Comme je l’ai déjà dit la France a un problème de moyens de surveillance de tout ce qui est Internet, réseaux sociaux, sites cryptés etc. Il faut donc mettre en place un cadre juridique pour pouvoir arriver à exploiter tout cela. Mais c’est extrêmement compliqué. Si aujourd’hui vous appelez au djihad, à des idées anti-républicaines ou attentatoires à la sécurité nationale depuis un site étranger, il est très complexe de vous poursuivre en France.

Le principal problème demeure le recoupement des fichiers. Les forces de l’ordre en France sont techniquement capables d’utiliser des logiciels de reconnaissance faciale ou un système de vidéo-patrouillage mais il faut pouvoir les recouper avec les bases de données. Le vrai problème est que la technologie est sans cesse en avance sur la législation. On peut le faire de manière technologique mais en pratique cela se heurte au cadre juridique trop restreint.

Pour Manuel Valls les forces de l’ordre ont un double défi à réaliser d’ici à 2025. Il s’agit de "combattre efficacement une délinquance aux formes, aux localisations et aux pratiques mouvantes tout en œuvrant au renforcement du lien de confiance qui les unit aux citoyens". Comment y parvenir ? Les moyens actuellement mis en place sont-ils suffisant ?

Pour y parvenir, il faut mettre en place davantage de moyens humains pour exploiter plus les moyens technologiques. Ceux-ci ne sont rien sans l’être humain derrière. Car même si on dispose de moyens innovants, de photographies, de faisceaux d’indices qui vous permettent de mener vos enquêtes, il faut des gens derrière qui soient en mesure d’exploiter ces renseignements et de les décliner dans les cadres spécialisés. C’est là la véritable difficulté.

L'enjeu des dix prochaines années tournera également autour de l'intégration de l'innovation aux stratégies de sécurité. Plutôt que de développer à outrance les nouvelles technologies, ne faut-il pas renforcer les dispositifs de terrain ? Faut-il plutôt faire passer l’humain avant les machines ?

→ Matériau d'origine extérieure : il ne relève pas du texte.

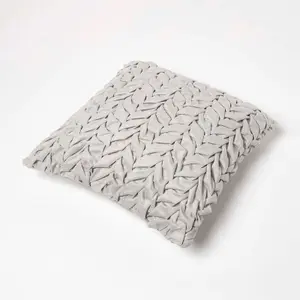 Homescapes Grace Pleated Grey Velvet Cushion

Aujourd’hui, les gens ne se déplacent pas nécessairement dans les commissariats. Ils peuvent se plaindre sur Internet avec le système de la pré-plainte en ligne. C’est annoncé comme une révolution en France mais cela existe en Italie depuis dix ans. Nous avons un vrai retard là-dessus. Mais encore faut-il pouvoir lui donner une suite avec un contact humain. La technologie ne doit en rien remplacer l’humain. Le principe est de porter plainte via Internet et d’arriver dans un commissariat pour avoir une gestion physique et humaine de votre cas. C’est cela l’essentiel. En revanche, l’humain ne pourra pas avoir une capacité d’action suffisante sans développement de la technologie. L’un n’est pas exclusif de l’autre.